It's what I want, but as i, and you, have said, it probably can't work.

An average high end city has, what 15 pop out of a max 25?

The same city might have 4 farmers and 11 workers. 20% production from terrain. Stables sawmill miners foresters mechanicians guilds.

Total production is ~65. Trade goods gives ~32 gold.

Therefore housing needs to increase tax revenue by 33+ gold.

Assuming bank and merchants guild and... i have no idea actually, 40% from road and water? and 2g taxes, that means each population earns 4.1g, so housing needs to add to population fast enough that, before the city reaches the cap, each of turn of housing adds 8 turns of taxable (i say taxable because often new population will be rebellious at these population levels) population.

I would want housing to stop meeting this at pop 20 for this example (so at Pop 20, two things would have happened - industry will have gone up by 13, adding an extra 7 gold to trade goods, and the housing formula will be reduced based on the 5 population and increased by the 13 hammers).

However, in order to add 8 or 9 turns of taxable population to the city, that standard growth does not, that would mean our pop 15 city would need to get about .. 1500 growth (1.5 population) in one turn? Which is probably simply too high and I'm on a bus, so I'm not coming up with the actual formula right now.
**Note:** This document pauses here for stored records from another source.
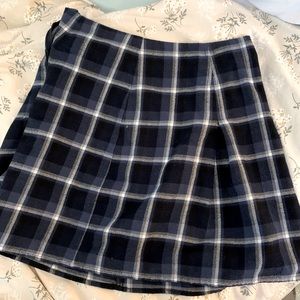 𝚗𝚊𝚟𝚢 𝚋𝚕𝚞𝚎 𝚙𝚕𝚊𝚒𝚍 𝚜𝚔𝚒𝚛𝚝 ♡︎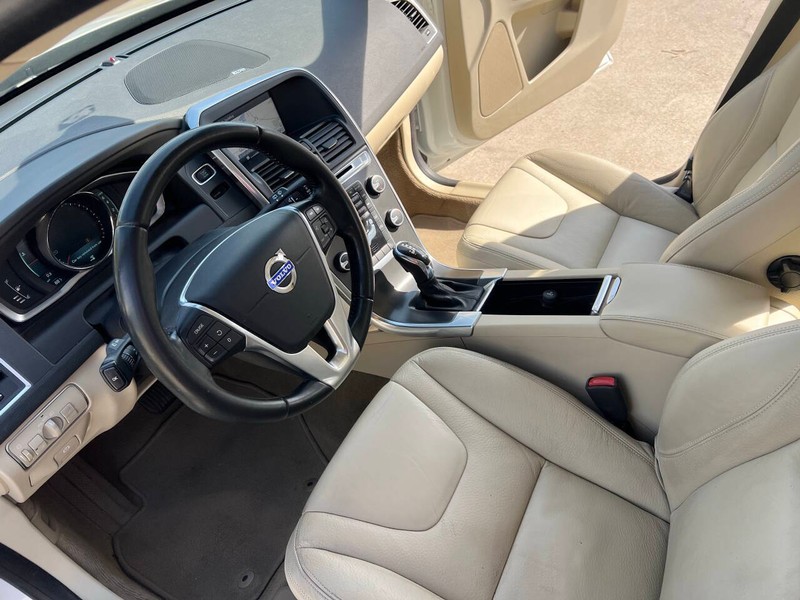 Volvo XC60 Vehicle Full-screen Gallery Image 10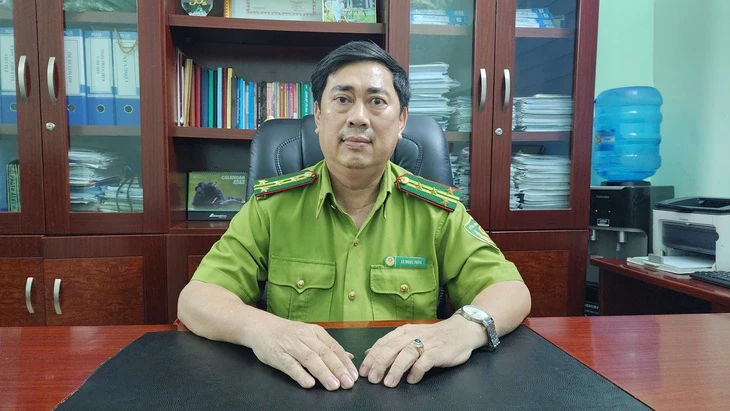 Mang chim trời đến quán cà phê phải có giấy tờ: Kiểm lâm nói gì?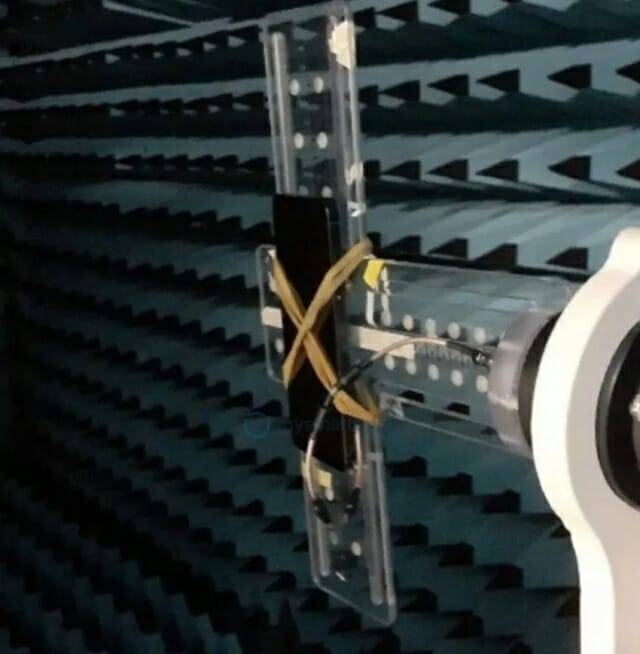 미 FCC의 테스트를 받는 삼성 갤럭시S24 FE의 모습 (사진=마이스마트프라이스)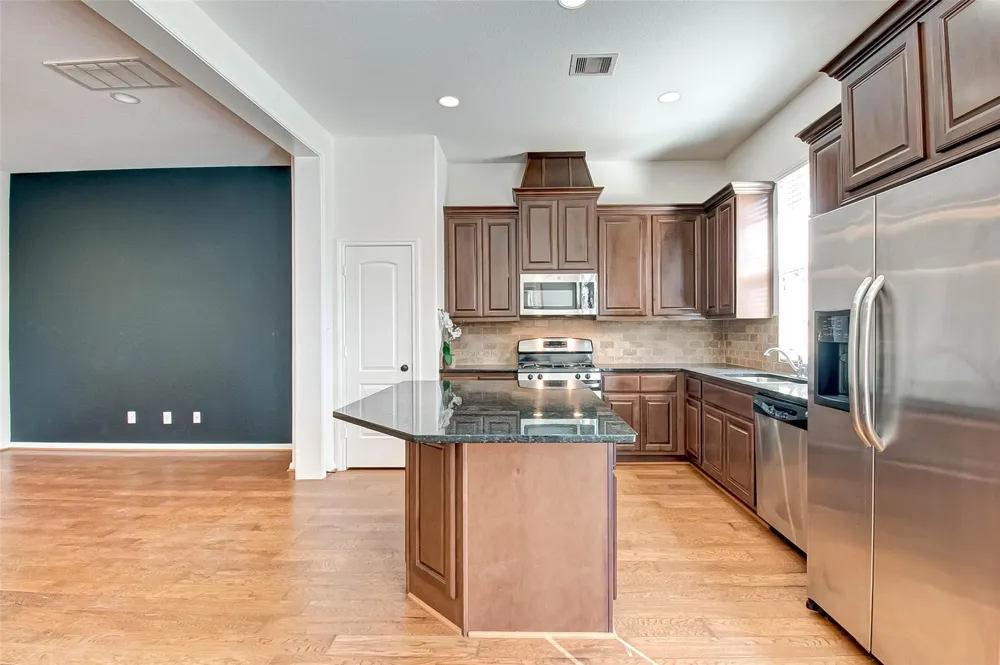 20 Cheswood Manor Court The Woodlands, TX 77382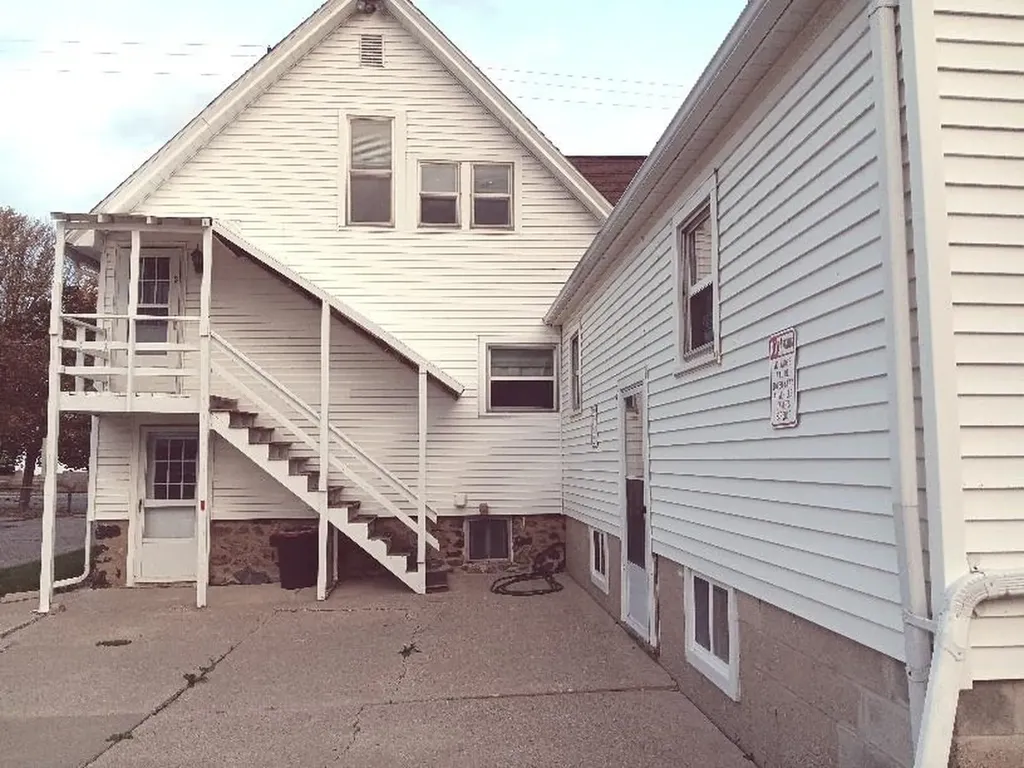 113 N Mckinley Road Flushing City MI 48433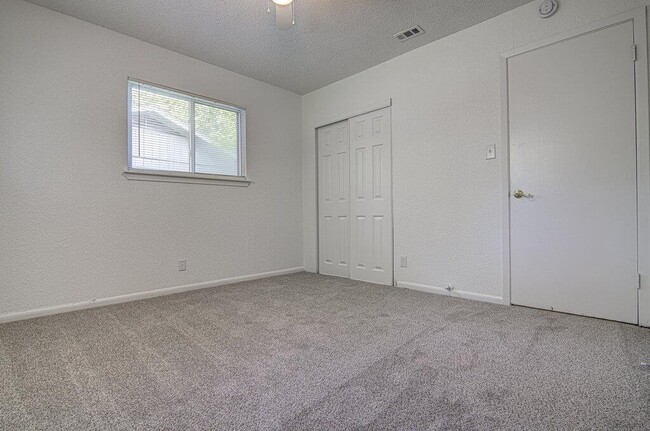 Building Photo - 8803 Brookfield Dr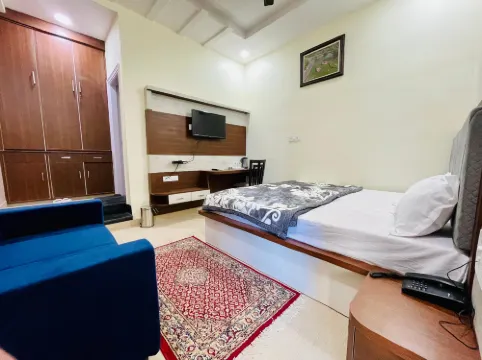 Hotel MJ Royale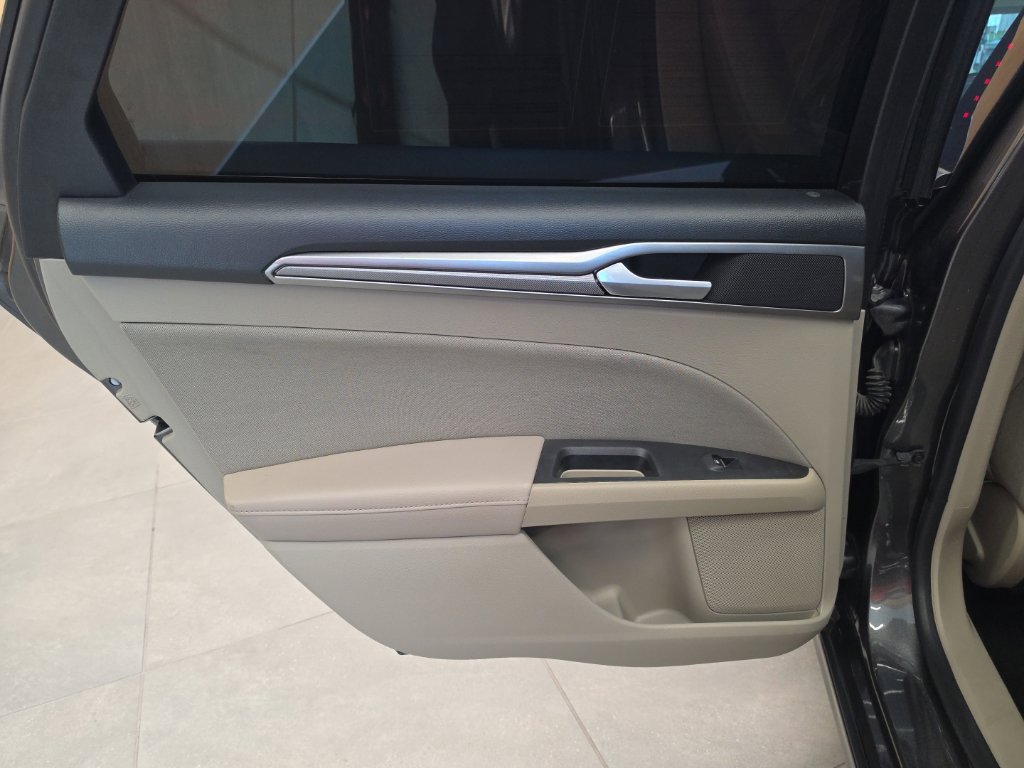 Used 2020 Ford Fusion SE FWD image 39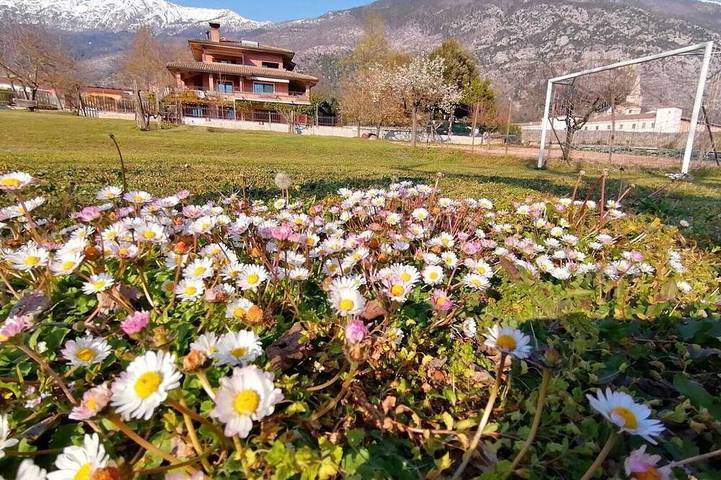 Ferienwohnung für 6 Personen, mit Terrasse und Garten in Sulmona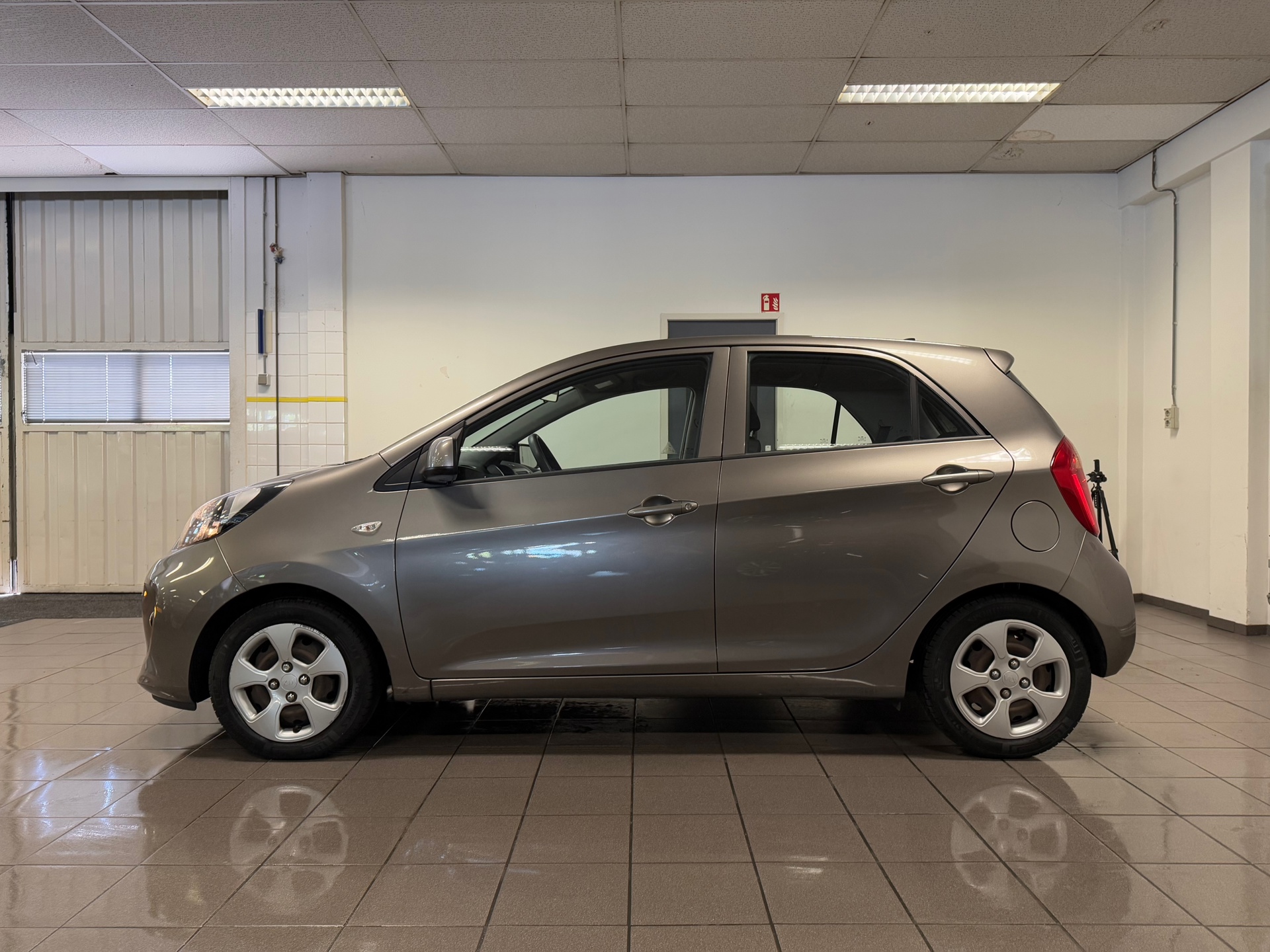 https://www.autokooy.nl//xml/images/44943614-2.JPG
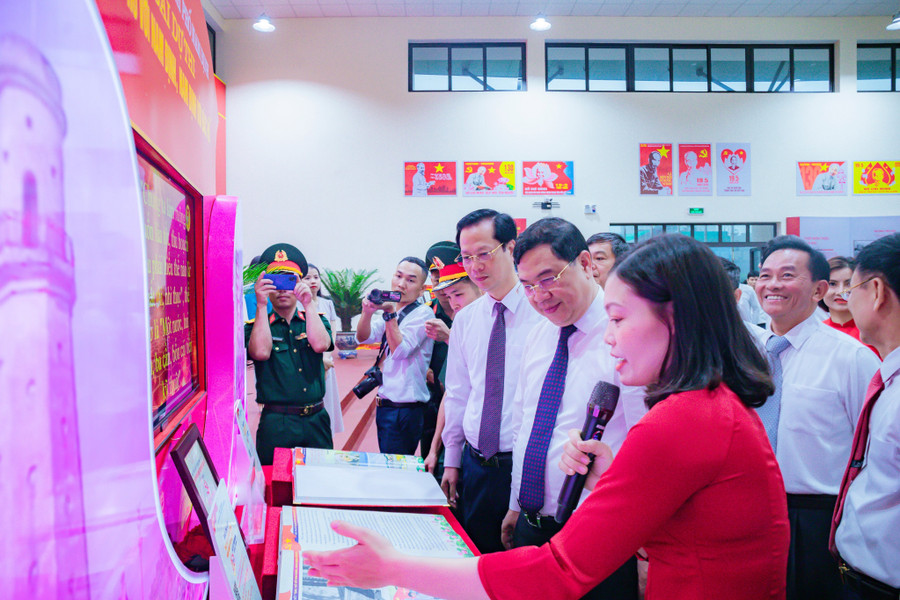 Ban tổ chức đã khai mạc triển lãm, trưng bày các tư liệu, hình ảnh tư liệu chào mừng kỷ niệm 60 năm Bác Hồ về thăm Nam Định. Ban tổ chức đã khai mạc triển lãm, trưng bày các tư liệu, hình ảnh tư liệu chào mừng kỷ niệm 60 năm Bác Hồ về thăm Nam Định.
Would probably have to base housing both on population, and on hammers but cap hammers based on population (I'd guess it would be a cap of 3 hammers per population, which a pop 1 city gets (with our proposal of 2 free hammers for a city) without a sawmill, so building a sawmill wouldn't help pop 1. A pop 2 city would also have 6 hammers without a sawmill, so it wouldn't help there either.
On the other end, my pop 15 city already has more than 60 hammers, so growing to pop 20 the housing formula would get no increase from the extra population which would actually work out to the housing naturally decaying with pop growth.
However, I feel like there would be a good chance that in the mid range, whatever formula works for the high end, would end up being too good, and pop 5 to 10 cities would prefer housing over various buildings, and since I already feel your formula makes housing too attractive to pop 3+ cities, that would be an issue)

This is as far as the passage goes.